Na de pauze (waarbij we heel wat meer ruimte hadden in de cafetaria dan vroeger), kwam het team van Dzengiz Tafa aan het woord. In een presentatie getiteld “stormchasing in de Lage Landen”, waarbij ze regelmatig wisselden van spreker, begonnen ze met voorbeelden uit het verleden die aantoonden dat de lage landen (uitgebreid met Frankrijk…) zeker ook kansen bieden aan stormchasers. Hierbij worden ze geholpen door de “Spaanse pluimen”. Deze zorgen voor warme lucht die dankzij warme bovenluchten stabiel getransporteerd geraken tot in onze buurt, waarbij ze onstabiel kunnen worden.
Het verhaal ging vooral over een driedaagse stormchase waarbij een hele reeks supercellen de revue deden, aangegeven met heel wat achtergrond-informatie en illustrerende foto’s.

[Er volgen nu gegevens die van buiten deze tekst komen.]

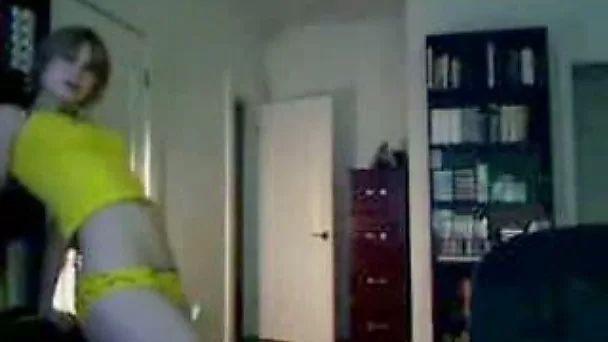 Stunning Russian teen in yellow undies dances on webcam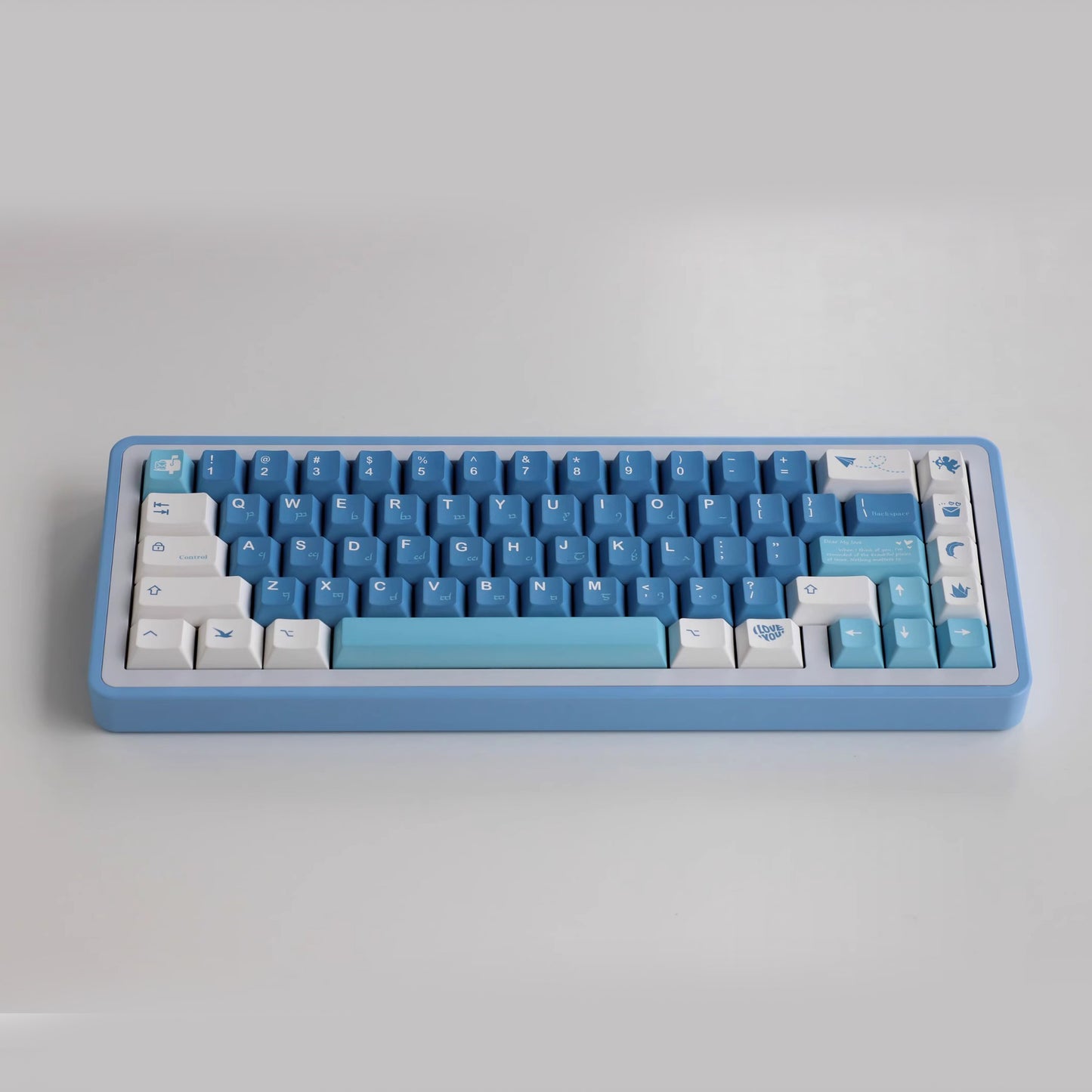 Sea Mist Love Letter Keycap Set, Cherry Profile, Dye Sub PBT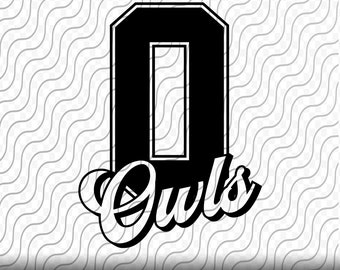 Owls Svg, Owls Team Pride, School Mascot, Mascot Shirt Svg, Cutting Template, svg, png, eps, dxf, jpg files for Cricut or Silhouette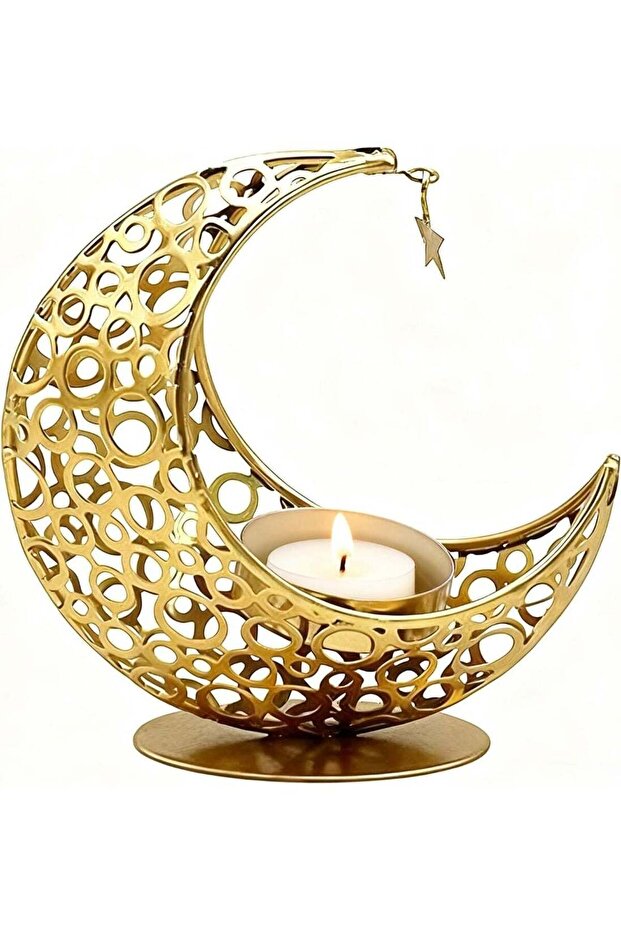 Eid Moon Candle Holder, Ramadan Hollowed Decoration Lights Atmosphere Modeling Decor for Eid and al
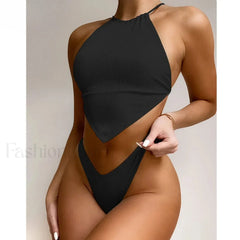High Neck Brazilian Bikini Set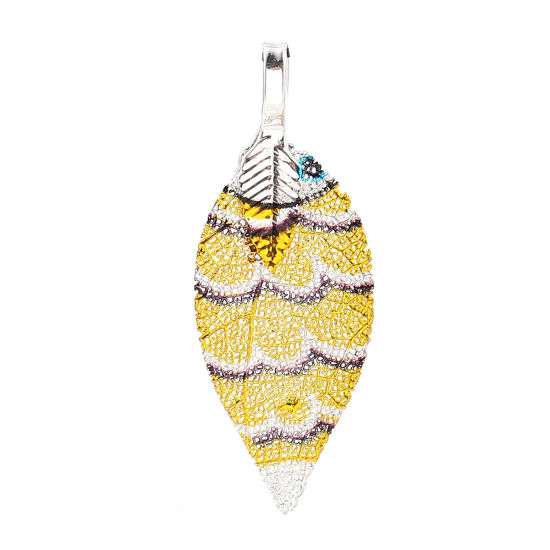 Picture of Brass & Natural Leaf Pendants Fish Animal Silver Plated Yellow 39mm(1 4/8") x 14mm( 4/8"), 2 PCs                                                                                                                                                              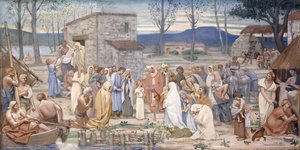 聖ジュヌヴィエーヴの子供時代、1874 作： Pierre Puvis de Chavannes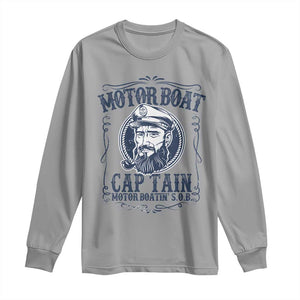 Motor Boat Captain Long Sleeve Shirt Funny Pontoon Boating Motor Boatin Lake Life TS02 Sport Gray Print Your Wear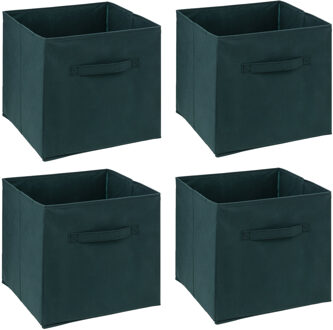 5five Opbergmand/kastmandje - 4x - Smaragd groen - 31 x 31 x 31 cm - 29 liter - Vakkenkast manden - Stof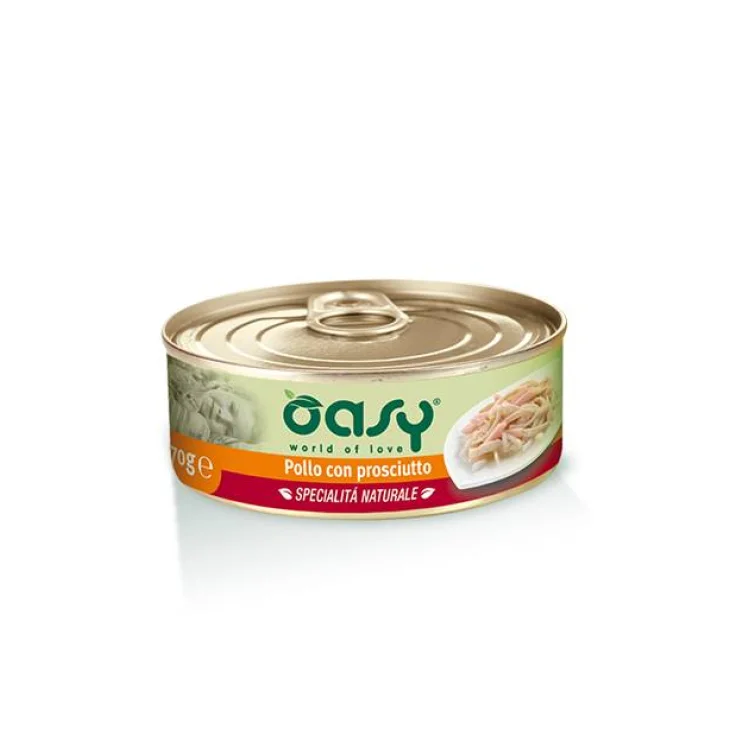 Oasy Pollo con Prosciutto Specialità Naturali Cibo Umido per Gatti in Lattina 70 g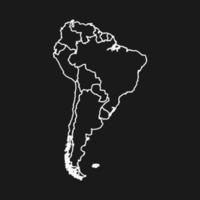 Map of South America with borders vector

Er werd geëindigd met een “sneak peak” van een website die zou kunnen leiden tot samenwerking tussen stormchasers, om zo veiliger en beter te kunnen “jagen”. De website laat toe om veel weer-informatie bij elkaar te krijgen (radar, …), en ook informatie van andere waarnemers. Deze is te vinden onder: http://www.stormplatform.be/.

Peter Vancoillie - met zijn foto-overzicht
Peter Vancoillie

En ten slotte was het tijd om ons nog meer in het donker te zetten, om te genieten van de foto’s van Peter Vancoillie. Het jaar tussen de foto’s van vorige keer (april 2014) en eindigde met een foto van een dag oud, met ook enkele foto’s van de zonsverduistering van 20/3. Even dachten we “oei, dat was snel voorbij”, maar dat was omdat juni 2014 overgeslagen was. Hij hield het beste voor het laatst. Misschien was het jaar niet het beste, wat aantal stormen betrof, maar juni maakte blijkbaar toch één en ander goed.

We wensen nog een woordje van dank aan An Van de Eecken van de volkssterrenwacht Armand Pien te richten voor (weeral) de gastvrijheid.